Hacker News new | ask | show | jobs
by peterkelly 2853 days ago
> Why not use GCC or LLVM as part of your project?

That's not how the world gets compiler people.

Someone had to write GCC and LLVM, and someone will have to write whatever comes next. Languages and tooling only advance because there are those who choose to take the hard road instead of "just using that thing that someone else made".

1 comments

The successor to LLVM isn't going to be written by someone just hacking on an app and decides they could use a basic compiler. It's going to be written by someone who has the explicit goal of replacing LLVM, fully understands LLVM's design and tradeoffs, and has ideas about an architecture for a successor that improves on the design.

Encouraging people to use LLVM instead of home-growing a toy compiler can still get you compiler people. LLVM is just the backend, not the frontend, so you still need to write the compiler frontend yourself, and once you've learned LLVM, if you're so inclined you may start hacking on LLVM and therefore become a backend compiler person too.

> Hello everybody out there using minix -

> I'm doing a (free) operating system (just a hobby, won't be big and professional like gnu) for 386(486) AT clones.

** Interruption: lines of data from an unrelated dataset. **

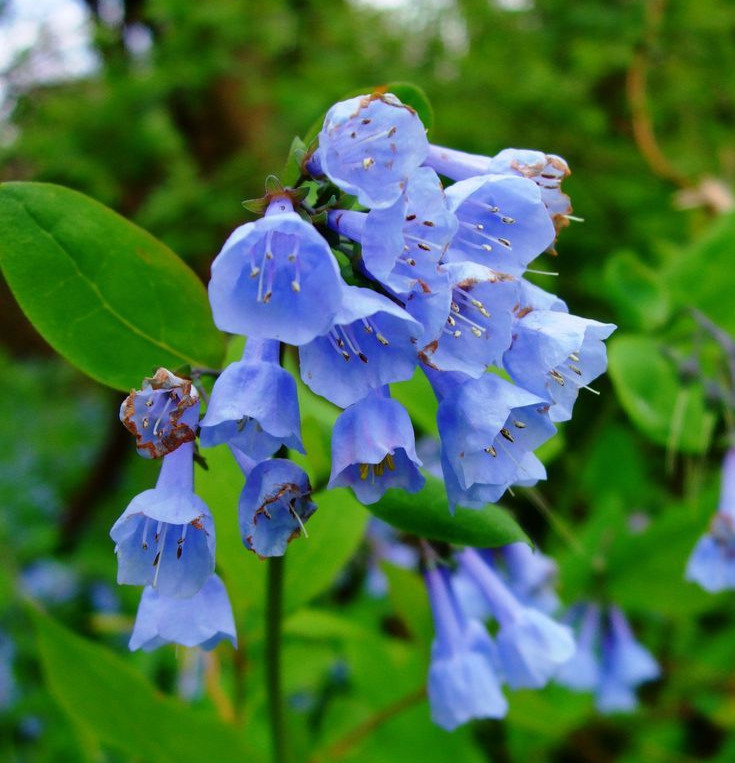 Virginia Bluebells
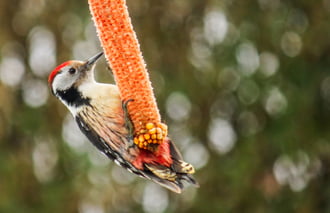 Középfakopáncs  Kérem a következőt!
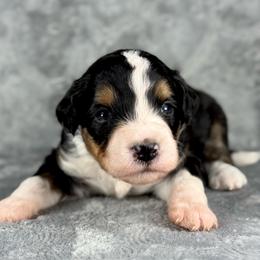 BTF1 - Black tri-color female Aussiedoodle puppy in Prague, Oklahoma from Classic K9’s  Aussies & Doodles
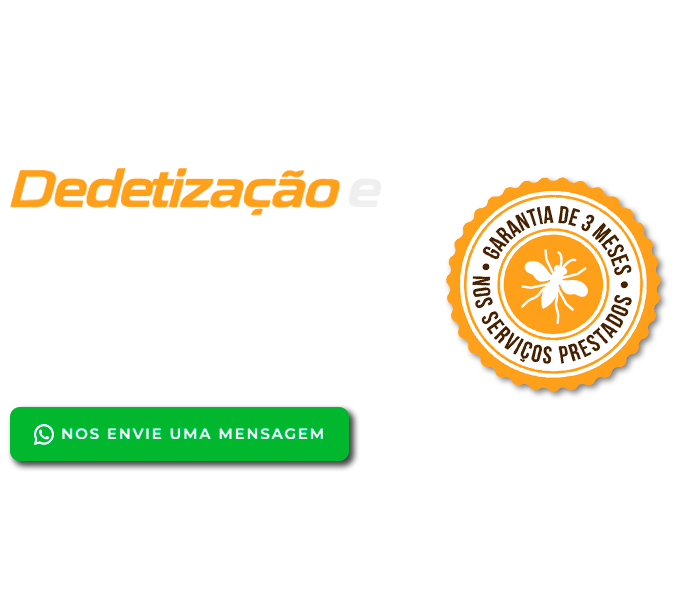 DT Clean Dedetizadora | Dedetizadora - Controle de Pragas em Curitiba.  | Imagem ilustrativa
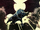 Demon Bull (Earth-616) from Kull the Conqueror Vol 3 3 001.png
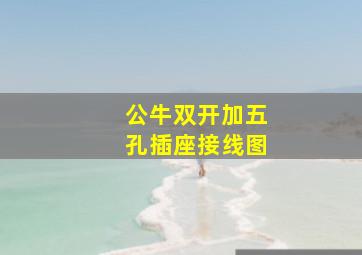 公牛双开加五孔插座接线图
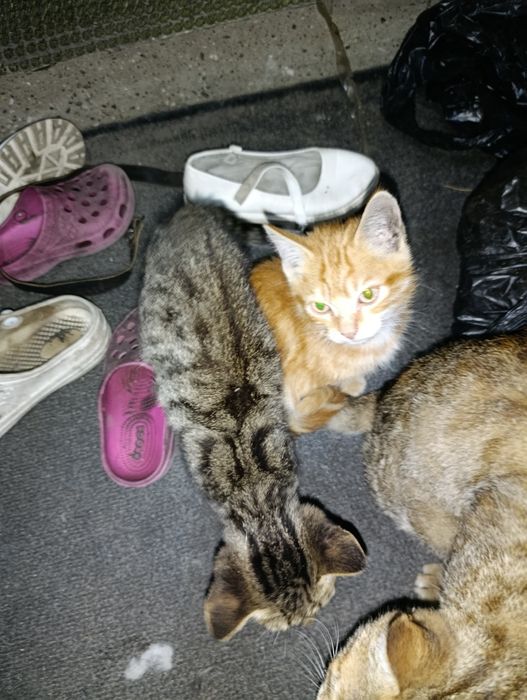 Отдадим даром 5 котят, мальчики и девочки.
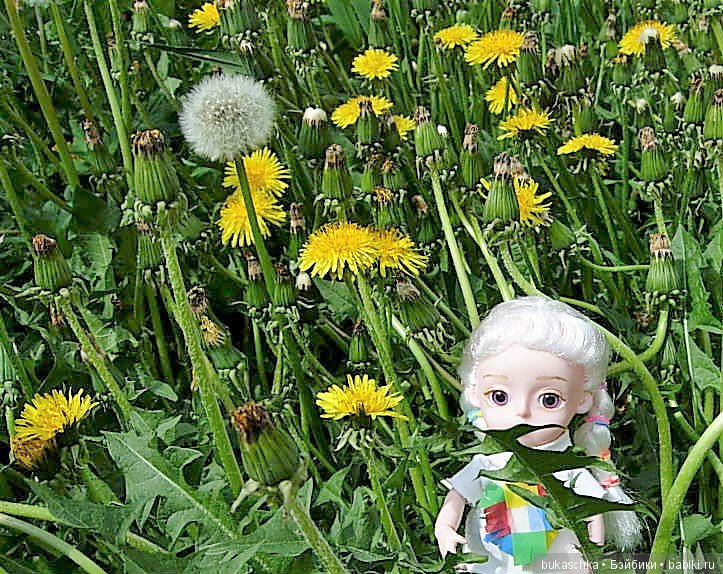Одуванчик полевой — Разные шарнирные куклы (не БЖД): редкие (фото 6)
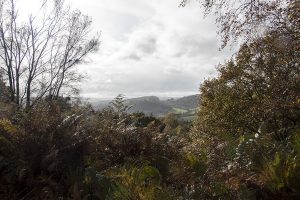 Curbar Edge and Curbar Wood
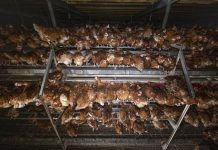 Enquête L214 : 7 choses (brutales) à savoir sur les œufs CODE 2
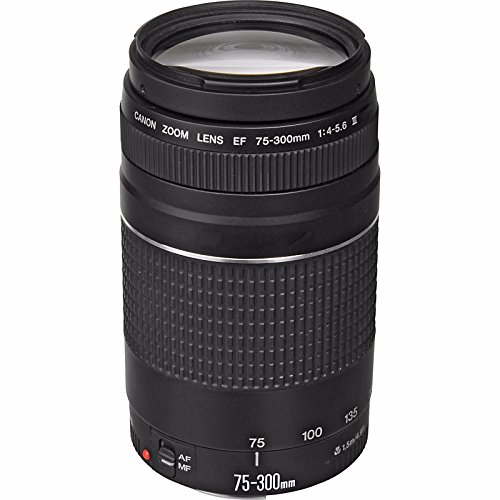 Canon EF 75-300mm Telephoto Zoom Lens in Black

—Linus Torvalds, in a post[1] to comp.os.minix, 25 August 1991 (emphasis mine)

[1]: https://groups.google.com/forum/#!msg/comp.os.minix/dlNtH7RR...

> It's going to be written by someone who has the explicit goal of replacing LLVM, fully understands LLVM's design and tradeoffs, and has ideas about an architecture for a successor that improves on the design.

And from where would they get those ideas? Tweaking LLVM is not enough to learn the necessary trade-offs. You need to write a compiler from the ground up. In fact you need to do it multiple times. Most likely you will not end up writing a LLVM replacement. Most likely you will end up a better programmer.

Most compilers use not one internal IR, but rather a successive series of IRs. LLVM itself has its normal IR layer, plus a machine IR layer for actually generating code for targets. Plus another layer (two actually, you can pick which one you want) for going between LLVM IR to machine IR. Most programming language frontends have their own IR (or two) that they use in between the AST and something like LLVM IR.

The genius of LLVM is that it's a stable, well-defined IR layer in the middle of the compilation stack that lets you switch out either the frontend or the backend without having to do the entire messy, boring, critical implementation of the other piece. And you can support pretty wacky frontend languages or pretty wacky backends (people compile LLVM to C source or FPGAs, for example).

Not really that much of a genius, given that IBM was already using the same architecture on their RISC compilers research during the 70's.

Check the papers related to PL.8 compiler architecture.